▸ About this exercise
All lines between the one holding "Бычий цепень (заболевание" and the end of the material below, both ends included, should be restated exactly.

▸ Data for review
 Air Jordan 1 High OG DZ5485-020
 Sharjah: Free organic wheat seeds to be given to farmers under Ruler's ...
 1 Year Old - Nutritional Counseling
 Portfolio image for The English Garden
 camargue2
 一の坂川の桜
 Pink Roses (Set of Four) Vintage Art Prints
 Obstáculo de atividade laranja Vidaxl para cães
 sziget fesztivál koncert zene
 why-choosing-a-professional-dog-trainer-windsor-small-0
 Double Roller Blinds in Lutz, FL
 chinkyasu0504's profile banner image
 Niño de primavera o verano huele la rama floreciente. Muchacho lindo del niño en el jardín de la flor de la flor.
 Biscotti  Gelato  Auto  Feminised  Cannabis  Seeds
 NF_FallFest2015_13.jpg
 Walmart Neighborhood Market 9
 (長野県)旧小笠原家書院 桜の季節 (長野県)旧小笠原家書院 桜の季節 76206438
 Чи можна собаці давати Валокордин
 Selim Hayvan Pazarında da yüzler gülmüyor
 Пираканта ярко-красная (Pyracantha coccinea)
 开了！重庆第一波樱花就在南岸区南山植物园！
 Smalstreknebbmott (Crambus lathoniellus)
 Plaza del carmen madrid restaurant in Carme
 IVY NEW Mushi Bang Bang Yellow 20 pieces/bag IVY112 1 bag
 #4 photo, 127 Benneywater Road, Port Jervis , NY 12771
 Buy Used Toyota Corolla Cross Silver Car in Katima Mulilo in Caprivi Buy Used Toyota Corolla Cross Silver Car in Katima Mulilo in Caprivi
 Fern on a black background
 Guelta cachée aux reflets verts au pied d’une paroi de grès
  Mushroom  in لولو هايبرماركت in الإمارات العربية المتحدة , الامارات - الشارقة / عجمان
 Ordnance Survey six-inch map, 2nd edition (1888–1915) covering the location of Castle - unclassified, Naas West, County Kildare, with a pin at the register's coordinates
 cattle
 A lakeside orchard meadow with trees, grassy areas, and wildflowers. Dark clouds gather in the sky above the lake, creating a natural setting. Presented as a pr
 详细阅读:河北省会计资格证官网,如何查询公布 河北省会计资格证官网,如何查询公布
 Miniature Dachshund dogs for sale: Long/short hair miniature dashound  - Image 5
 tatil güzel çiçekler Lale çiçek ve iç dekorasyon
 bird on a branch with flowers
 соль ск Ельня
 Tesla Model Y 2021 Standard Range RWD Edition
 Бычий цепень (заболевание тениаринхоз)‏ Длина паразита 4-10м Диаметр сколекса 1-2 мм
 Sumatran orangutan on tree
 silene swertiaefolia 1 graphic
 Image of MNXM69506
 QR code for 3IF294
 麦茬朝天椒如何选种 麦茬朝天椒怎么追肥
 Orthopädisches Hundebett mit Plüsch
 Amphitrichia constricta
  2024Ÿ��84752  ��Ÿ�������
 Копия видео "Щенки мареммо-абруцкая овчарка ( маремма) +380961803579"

▸ Finished exercise
 Бычий цепень (заболевание тениаринхоз)‏ Длина паразита 4-10м Диаметр сколекса 1-2 мм
 Sumatran orangutan on tree
 silene swertiaefolia 1 graphic
 Image of MNXM69506
 QR code for 3IF294
 麦茬朝天椒如何选种 麦茬朝天椒怎么追肥
 Orthopädisches Hundebett mit Plüsch
 Amphitrichia constricta
  2024Ÿ��84752  ��Ÿ�������
 Копия видео "Щенки мареммо-абруцкая овчарка ( маремма) +380961803579"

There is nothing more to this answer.